TASK OBJECTIVE: The listing that follows should be copied in full and exactly, with no pictures.

ENTRIES SUPPLIED:
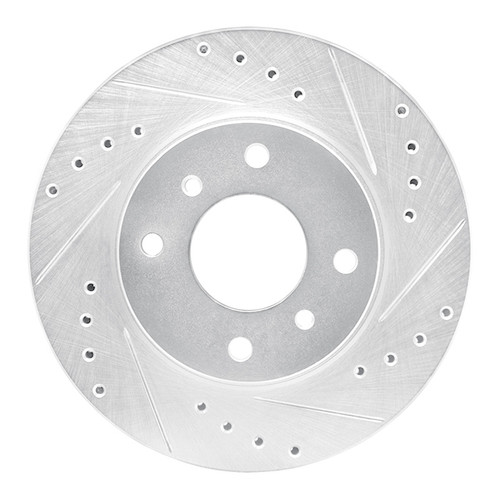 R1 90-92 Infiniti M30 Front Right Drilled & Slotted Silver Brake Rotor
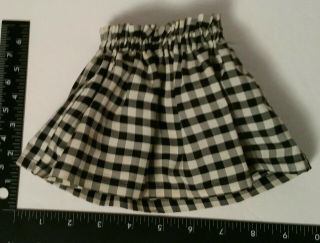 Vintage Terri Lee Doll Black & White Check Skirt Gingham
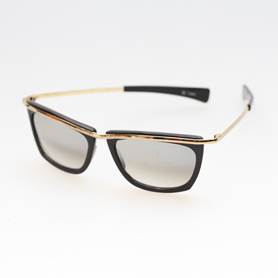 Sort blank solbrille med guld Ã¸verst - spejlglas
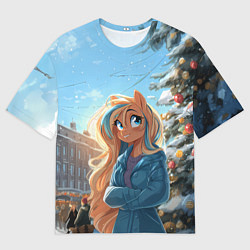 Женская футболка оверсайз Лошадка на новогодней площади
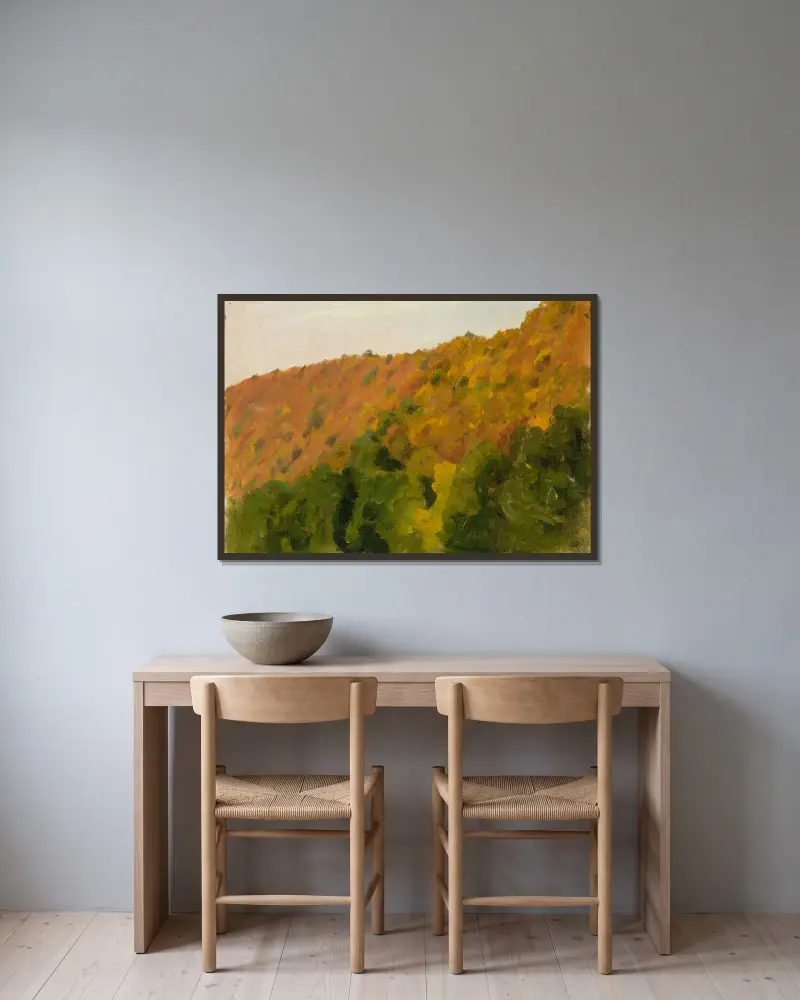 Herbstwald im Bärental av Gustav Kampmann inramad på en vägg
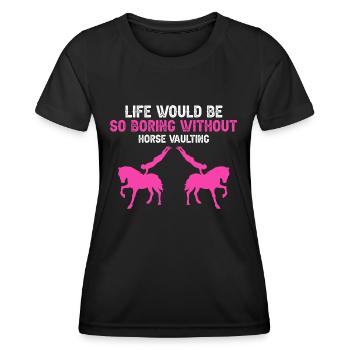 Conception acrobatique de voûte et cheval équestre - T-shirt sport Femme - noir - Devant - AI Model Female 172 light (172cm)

ANSWER BOX:
 R1 90-92 Infiniti M30 Front Right Drilled & Slotted Silver Brake Rotor
 Vintage Terri Lee Doll Black & White Check Skirt Gingham
 Sort blank solbrille med guld Ã¸verst - spejlglas
 Женская футболка оверсайз Лошадка на новогодней площади
 Herbstwald im Bärental av Gustav Kampmann inramad på en vägg
 Conception acrobatique de voûte et cheval équestre - T-shirt sport Femme - noir - Devant - AI Model Female 172 light (172cm)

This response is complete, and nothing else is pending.